4. Big Al Luccioni’s Pizza Kits
As the spokesman for Iron City Beer, Big Al Luccioni’s smiling mug was a familiar face to Pittsburgh natives in the 1970s. The draft specialist had been working for the Pittsburgh Brewing Company since 1954 and the combination of his outgoing personality and intricate beer expertise led to him appearing in TV commercials and on billboards selling the city’s trademark suds. In the mid-1970s he launched his own line of refrigerated Pizza Kits, which included two olive oil-coated crusts, thick tomato sauce, and four different cheeses.
Big Al’s Kits were primarily an Upper Ohio Valley phenomenon, but even today many Pittsburghers reminisce on “Forgotten Food” forums about the unique flavor combination of the thick, spicy sauce and copious amounts of cheese contained in individual plastic bags (so much that there was plenty to spill during assembly and then clean up afterward).
5. Roman Frozen Pizza
In the early 1970s, 99 cents was considered the price barrier for frozen pizzas. Experts believed that consumers would take the trouble to buy the freshly-made version from a pizzeria rather than pay more than a dollar for a 10-inch frozen pie. Roman Products of New Jersey took a chance, however, when inflation was forcing their costs upward and making a $1.09 or more sticker price inevitable; they added some “deluxe” features to their product to justify the higher price.
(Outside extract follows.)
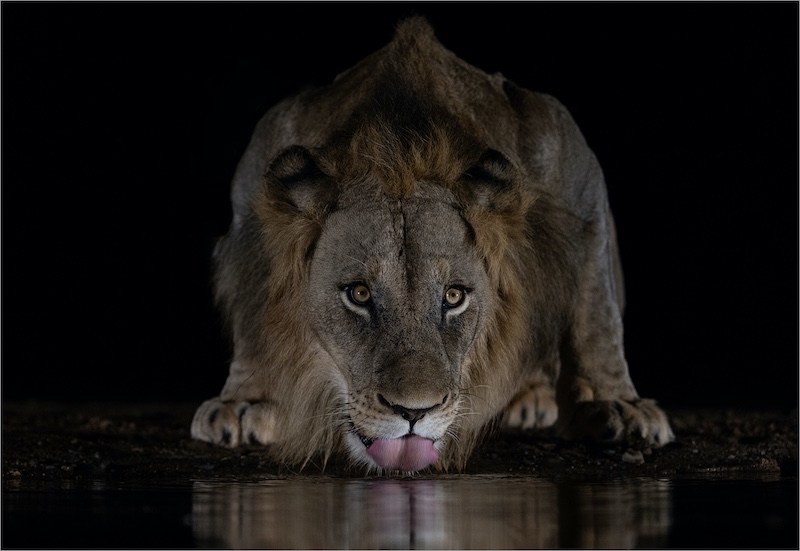 1-PSSA MEDAL-Open Colour-Lion at the waterhole 1-Howard Gillitt-Highway Camera Club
The company paid some major bucks to the Kelly, Nason advertising agency to perform surveys and assemble focus groups, and among their findings was that the Northeastern States preferred cheese pizza, Chicagoland loved sausage, and Detroit and the surrounding area was pepperoni territory. They also determined that consumers disliked the sometimes messy task of slicing their own pizzas, so another innovation Roman added was pre-slicing their pies into eight pieces, which they packaged in special perforated baking trays. The new, improved Roman frozen pizza debuted in June 1975 at a suggested retail price of $1.49 each. Sadly, the company overspent on all that market research and new packaging. It filed for bankruptcy in September 1975 and dissolved the following year.
6. Libby’s Spread ‘n Heat Pizza
The “Pizza” in the name of this product was a bit misleading; Libby’s Spread ‘n Heat was simply a flavored sauce sold in a smallish can. You had to provide the bread and the cheese. And the cooking process was a little more involved than the standard heat-and-serve convenience food: You first toasted a slice of bread (or an English muffin, if you liked a thicker crust) in the toaster, then slathered on the Libby’s Spread. Next you sprinkled the cheese of your choice on top and popped it into the toaster oven for another two or so minutes. But back in 1975 the folks at Libby’s were betting that consumers would prefer waiting three minutes for a slice of pizza bread versus the 30 minutes it took for a frozen pizza to cook. Libby’s wasn’t wrong with its prediction that consumers would buy a product that allowed them to concoct a reasonable facsimile of pizza out of a hamburger bun (Ragu's Pizza Quick Sauce would take off in the years to come), but for some reason the sauce never took off.